若者の街、東京・渋谷区。近年は外国人観光客も増える中、センター街などでごみのポイ捨てが深刻な問題となっています。

歩道の真ん中に無数のごみが捨てられ、カラスやハトが群がり、さらにごみを散乱させています。中には、消し損ねたたばこが入っているのか、煙が出ている空き缶も…。

このような現状を受け、12月10日、渋谷区議会は新たに、ごみのポイ捨て行為をした場合、過料2万円以下の罰則が科される条例を成立。

実際の運用では2000円程度になる見込みですが、この新条例は、2026年4月から施行されます。

「ごみ箱少ない」の声も…店側にも罰金

渋谷区が新たに打ち出した “ごみのポイ捨て罰金条例”に、街の人からは「それくらいとってもいい」「少し罰金が高いのでは?」という声が挙がる一方で、「そもそも渋谷の街には、ごみ箱が少ない」といった声も…。

渋谷に来た人:
食べ歩きとかした時に、ごみ箱ないと困るなって思うんで、もっと増やしてほしいなって思います。

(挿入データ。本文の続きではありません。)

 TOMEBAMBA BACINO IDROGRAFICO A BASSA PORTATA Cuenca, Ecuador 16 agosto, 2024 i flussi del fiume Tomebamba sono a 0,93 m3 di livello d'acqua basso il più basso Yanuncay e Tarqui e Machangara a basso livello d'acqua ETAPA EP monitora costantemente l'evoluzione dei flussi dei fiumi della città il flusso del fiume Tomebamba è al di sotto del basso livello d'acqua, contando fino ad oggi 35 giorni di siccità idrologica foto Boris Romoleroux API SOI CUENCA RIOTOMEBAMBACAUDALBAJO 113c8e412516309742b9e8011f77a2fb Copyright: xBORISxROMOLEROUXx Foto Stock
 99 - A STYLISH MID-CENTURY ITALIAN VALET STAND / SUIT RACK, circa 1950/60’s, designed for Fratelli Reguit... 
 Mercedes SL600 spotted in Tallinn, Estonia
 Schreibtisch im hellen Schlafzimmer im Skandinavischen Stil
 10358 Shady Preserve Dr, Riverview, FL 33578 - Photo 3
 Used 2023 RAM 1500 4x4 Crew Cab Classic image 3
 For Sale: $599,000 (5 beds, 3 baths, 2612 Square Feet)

インドから来たという観光客の男性も、テイクアウトで飲み物を買ったものの、ごみ箱が見つけられない様子。

インドからの観光客:
これはオレンジジュースが入っていたコップだよ。ごみ箱がみつけられなかったから、ホテルに持って帰るよ。

こうした状況を把握してか、新たに可決された条例では、コンビニやテイクアウトが可能な飲食店などの事業者に対し、「ごみ箱の設置」を義務付けることに。
設置を行わない場合は勧告や店名の公表を行い、従わない場合は最大5万円の罰金が科せられます。

店側にも迫られる「ごみ対策」。渋谷で香港料理などを販売するテイクアウト専門店からは、困惑の声が。

香港ストリートフード広報担当 ケン・ロさん:
(カウンターに)ごみ箱設置したので、小さいごみ箱はあるんです。でも、それが認められない場合は5万円“罰金”出ちゃうと…ちょっと困るかなと。
路面なので、大きなごみ箱の置き場がないですよね。設置するのは問題ないんですけど、すぐに警察が(注意しに)来るんです。言われちゃうから、ちょっと時間が欲しいですね、置き場がないですね。

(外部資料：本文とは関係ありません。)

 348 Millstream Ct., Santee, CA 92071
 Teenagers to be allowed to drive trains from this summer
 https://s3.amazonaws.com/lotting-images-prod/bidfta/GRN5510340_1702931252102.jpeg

ごみ箱を設置する場所がなく、カウンターにごみ箱を置いている

店先の飲食スペースにごみ箱を設置している、ケバブ店「SHIBUYA KEBAB センター街店」からは、別の悩みも。

SHIBUYA KEBAB センター街店 スタッフ:
これ他社、これコンビニでしょ…これもそうですよね…。

ごみ箱の中には、他店で購入したとみられる商品のごみが

ごみ箱に捨てられていた物の半分程度が、コンビニで売られているコーヒーやスナック菓子など、他店で購入された商品のごみ。さらに…。

SHIBUYA KEBAB センター街店 スタッフ:
着替えた洋服を捨てたりとか、多いのが靴ですね。靴屋さんもありますので履き替えてその靴をそのまま捨てていったりとか。
うちの方も、(ごみ)業者に朝方に来てもらって、(回収は)無料じゃありません。結構な値段いきます。買ったお店で(ごみの)処理をしていただきたいなというのが、本音ですよね。

事業ごみの回収には費用がかかり、勝手に捨てられたごみだとしても、全て捨てられた店側の負担となります。今回の条例により、これまでごみ箱を設置していなかった店舗との不平等さが改善することに期待しているといいます。

ポイ捨ての減少に向け、動き出した渋谷区。
渋谷センター商店街振興組合の担当者は、今回の条例が施行されることで、海外からの観光客の“意識改革”につながるのではないかという期待もあるといいます。

渋谷センター商店街振興組合 常務理事 鈴木大輔さん:
(日本の)若者が騒いでいる、ごみが残っているというのが大前提であって、そこにインバウンドが「ここなら捨てていいんだ」とか「(日本の)若者が飲んでいるから、ここで飲んでいいんだ」っていう、そもそも日本人のマナーの悪さから、そこに伝わっているっていうのが1番良くなくてですね。